As noted before, T3 enhances many effects of GH by several mechanisms, including (but not limited to): increasing IGF-1 levels, IGF-1 mRNA levels, and finally by actually mediating the control of the growth hormone gene transcription process as seen below:


Comparison of the kinetics of L-T3-receptor binding abundance to changes in the rate of transcription of the GH gene.(3)

As you can see, T3 levels are directly correlative to GH gene transcription. The scientists who conducted the study which provided the graph above concluded that the amount of T3 present is a regulatory factor on how much GH gene transcription actually occurs. And gene transcription is what actually gives us the effects from GH. This last fact really seems to shed some light on why we need T3 levels to be supraphysiological if we’re going to be using supraphysiological levels of GH, right? Otherwise, the GH we’re using is going to be limited by the amount of T3 our body produces. However, since we’re taking GH, and it is converting more T4 into T3, T4 levels are lowered substantially, and this is the problem with GH. and may actually be THE limiting factor on GH…if we assume that at least some of GH’s effects are enhanced by thyroid hormone, and specifically T3, then what we are looking at is the GH that has been injected is being limited by a lack of T3. But that doesn’t make sense, because if we use T3 + GH, we get a decrease in the anabolic effect of GH. 

This is where Mr. Daemon, who had contacted me via an e-mail to my publisher, about Thyroid + GH interaction, was able to shed some light on things. You see, I knew that it couldn’t just be the actual presence of enough T3 along with the GH that was limiting GH’s anabolic effect, because, simply adding T3 to a GH cycle will reduce the anabolic effect of the GH (12.). 

Originally, he had said to me that T3 was synergistic with GH, wheras I said that T3 actually reduced the anabolic effects of GH- now I realize we were both correct. Logically this presents a bit of a problem, which I believe can be solved. This came from reading several studies provided to me by Dr.Daemon. the trend I was seeing was that even when Growth Hormone therapy was used, T3 levels needed to be elevated in order to treat several conditions caused by a lack of natural growth hormone. And even if the patient was on GH, T3 levels still needed to be elevated. And what I noticed was that those levels were elevated successfully by using supplemental T4 but not T3. 

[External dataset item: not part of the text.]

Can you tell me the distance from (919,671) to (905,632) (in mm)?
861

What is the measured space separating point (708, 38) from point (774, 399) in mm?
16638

Here’s why I think this is:

Additional T3 is not all that’s needed here. What’s needed is the actual conversion process of T4-T3, and the deiodinase presence and activity that it involves. This is because Local 5'-deiodination of l-thyroxine (T4) to active the thyroid hormone 3,3',5-tri-iodothyronine (T3) is catalyzed by the two 5'-deiodinase enzymes (D1 and D2). These enzymes not only "create" T3 out of T4, but actually regulates various T(3)-dependent functions in many tissues including the anterior pituitary and liver. So when there is an excess of T3 in the body, but normal levels of T4, the body’s thyroid axis sends a negative feedback signal., and produces less (D1 and D2) deiodinase, but more of the D3 type, which signals the cessation of the T4-T3 conversion process, and is inhibitory of many of the synergistic effects that T3 has! Remember, Type 3 iodothyronine deiodinase (D3) is the physiologic INACTIVATOR of thyroid hormones and their effects (13) and is well known to have independent interaction with growth factors (which is what GH and IGF-1 are).(14) This is because with adequate T4 and excess T3, (D1 and D2) deiodinase is no longer needed for conversion of T4 into T3, but levels of D3 deiodinase will be elevated. When there is less of the first two types of deidinase, it would seem that the T3 which has been converted to T4 can not exert it’s protein sparing (anabolic effects), as those first two types are responsible for mediation of many of the effects T3 has on the body. This seems to be one of the ways deiodinase contributes to anabolism in the presence of other hormones. 

All of this would explain why anecdotally we see bodybuilders who use T3 lose a lot of muscle if they aren’t using anabolics along with it- they’re not utilizing the enzyme that would regulate some of T3’s ability to stimulate protein synthesis, while they are simultaneously signaling the body to produce an inhibitory enzyme (D3). And remember, for decades bodybuilders who were dieting for a contest have been convinced that you lose less muscle with T4 use, but that it’s less effective for losing fat when compared with T3? Well, as we’ve seen, without something (GH in this case) to aid in the conversion process, it would clearly be less effective! Since the deiodinase enzyme is also located in the liver, and we see decreased hepatic nitrogen clearance with GH + T3, it would seem that the D3 enzyme is exerting it’s inhibitory effects, but in the absence of the effects of the first two deiodinase enzymes, it remains unchecked and therefore not only limits the GH’s nitrogen retention capability. 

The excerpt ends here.